Nelson Mandela dared, and he did so from the terrible solitude of the cave where he was sentenced to spend the rest of his days. In the second decade of his imprisonment, he developed prodigious tactical abilities, first convincing his own party members, the Communists, and the liberals. By his third decade in prison, when conditions had improved, he was able to communicate with the outside world and even Afrikaner government officials, exhorting them to initiate a dialogue and to come to an agreement that would ensure a free and multiracial future for South Africa. It took him twenty years of struggle and steel-willed confrontation of unspeakable obstacles, but in the end he succeeded, and—while still serving his life sentence—found himself having a civilized cup of tea with the last two apartheid presidents, P. W. Botha and F. W. de Klerk. Now, universally respected by whites, blacks, Indians, and mulattoes, he is the president-elect of the most prosperous and democratic country that the African continent has known in its long and very sad history.

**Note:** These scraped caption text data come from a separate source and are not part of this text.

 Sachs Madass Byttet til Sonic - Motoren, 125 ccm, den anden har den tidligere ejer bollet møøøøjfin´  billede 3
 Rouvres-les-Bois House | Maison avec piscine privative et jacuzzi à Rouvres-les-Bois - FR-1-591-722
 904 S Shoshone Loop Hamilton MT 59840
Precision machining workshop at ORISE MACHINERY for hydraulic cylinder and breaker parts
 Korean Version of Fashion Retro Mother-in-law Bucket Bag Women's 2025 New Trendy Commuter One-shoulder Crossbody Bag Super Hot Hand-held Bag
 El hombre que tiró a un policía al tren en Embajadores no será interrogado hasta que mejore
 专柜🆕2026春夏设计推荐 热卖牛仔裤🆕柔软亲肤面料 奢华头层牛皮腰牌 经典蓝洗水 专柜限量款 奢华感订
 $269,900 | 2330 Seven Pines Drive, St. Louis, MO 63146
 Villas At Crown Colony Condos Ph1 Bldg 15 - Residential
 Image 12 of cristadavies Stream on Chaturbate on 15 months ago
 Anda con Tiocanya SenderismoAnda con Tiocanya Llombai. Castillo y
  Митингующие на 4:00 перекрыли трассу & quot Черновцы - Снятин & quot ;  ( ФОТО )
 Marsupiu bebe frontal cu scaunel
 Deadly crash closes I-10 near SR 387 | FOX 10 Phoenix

That is why, if you come to this country, you shouldn’t content yourself with exploring the pristine South African cities, which seem to have just been scrubbed and polished, or its spectacular beaches, elegant vineyards, or great forests, where lions, elephants, leopards, and giraffes walk free. Nor should you limit yourself to visiting—in order to see all the injustices that still remain to be remedied—the black townships, like Soweto, which sizzle with energy and creativity despite their poverty. Go, first of all, to Robben Island, the scrap of land, dun-colored and hazy in the middle of the sea, that may be spied from the Cape Town waterfront at sunset. One of the most phenomenal and hope-inspiring historical events of the late twentieth century was conceived there, in a cell unfit for man, thanks to the intelligence and greatness of spirit of the most admirable politician alive today.